### Your assignment
Nothing but the text of the records should come back; copy it exactly and leave the pictures out.

Captioned web image data
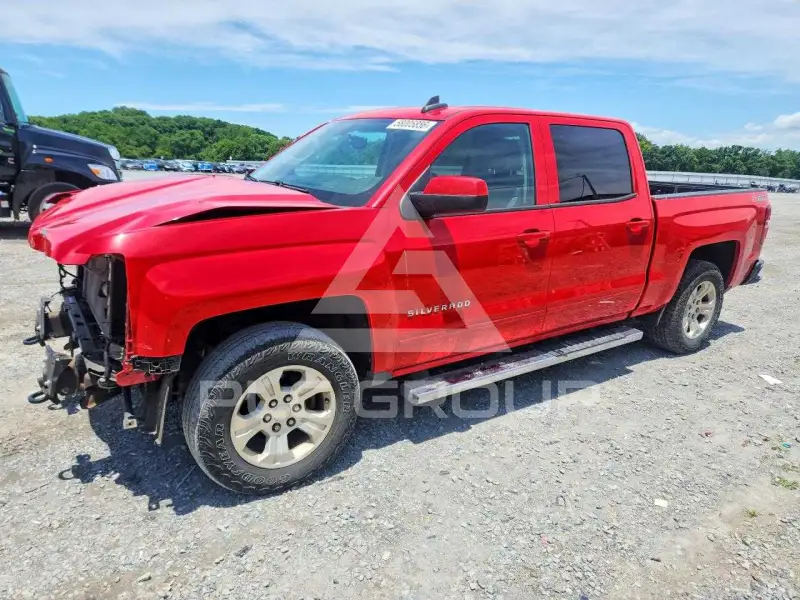 2015 Chevrolet Silverado фото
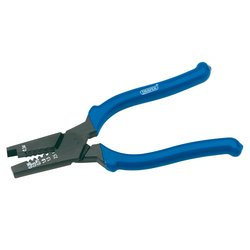 Draper 8Way Crimping Plier (Bootlace Type)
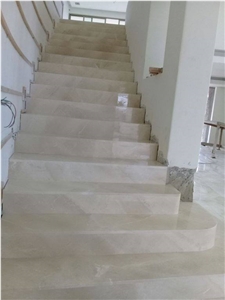 Limestone Crema Orion Stairs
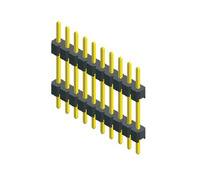 2.0mm 直针双塑单排排针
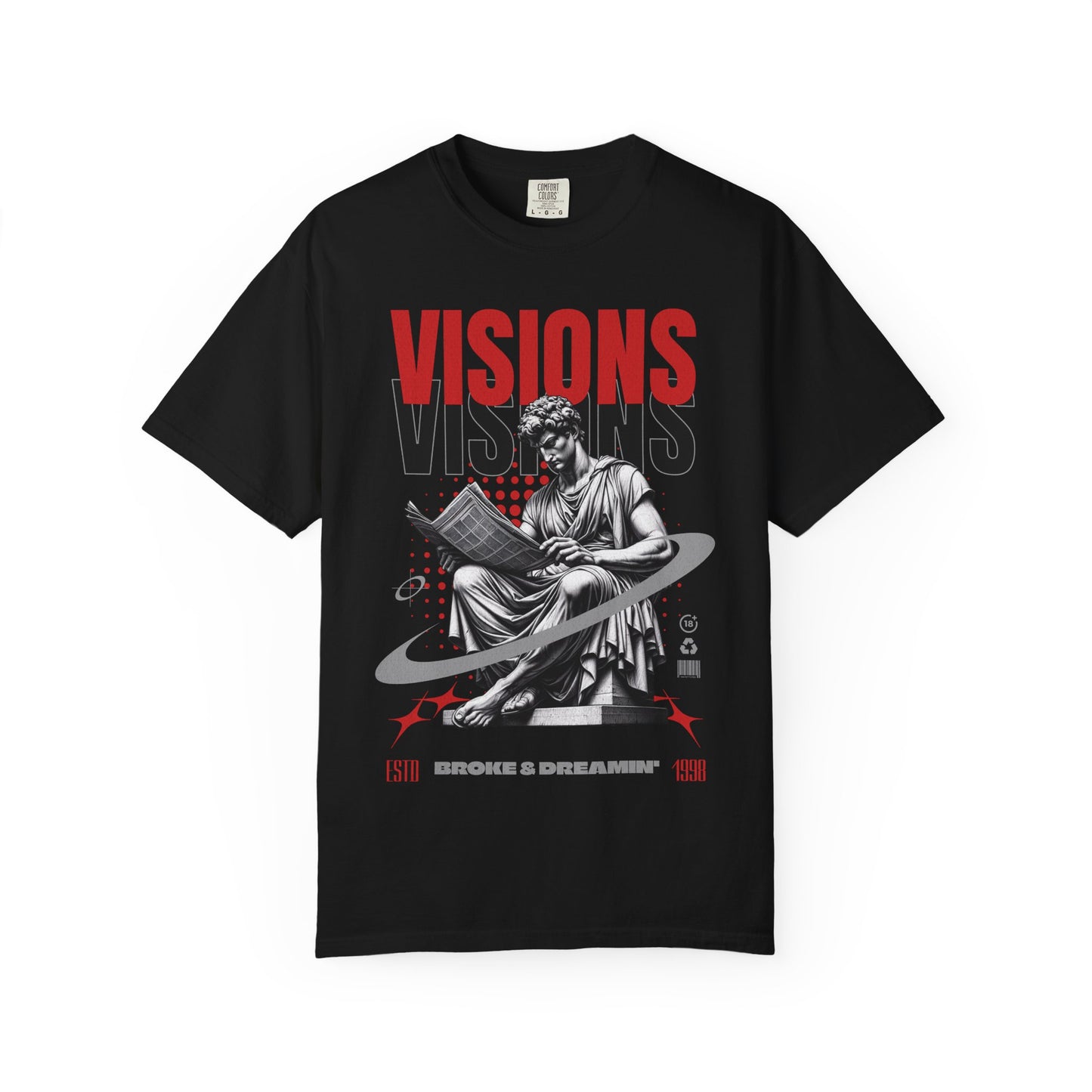 "Visions” Unisex T-Shirt - Broke & Dreamin' T-Shirts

### Response area
 2015 Chevrolet Silverado фото
 Draper 8Way Crimping Plier (Bootlace Type)
 Limestone Crema Orion Stairs
 2.0mm 直针双塑单排排针
 "Visions” Unisex T-Shirt - Broke & Dreamin' T-Shirts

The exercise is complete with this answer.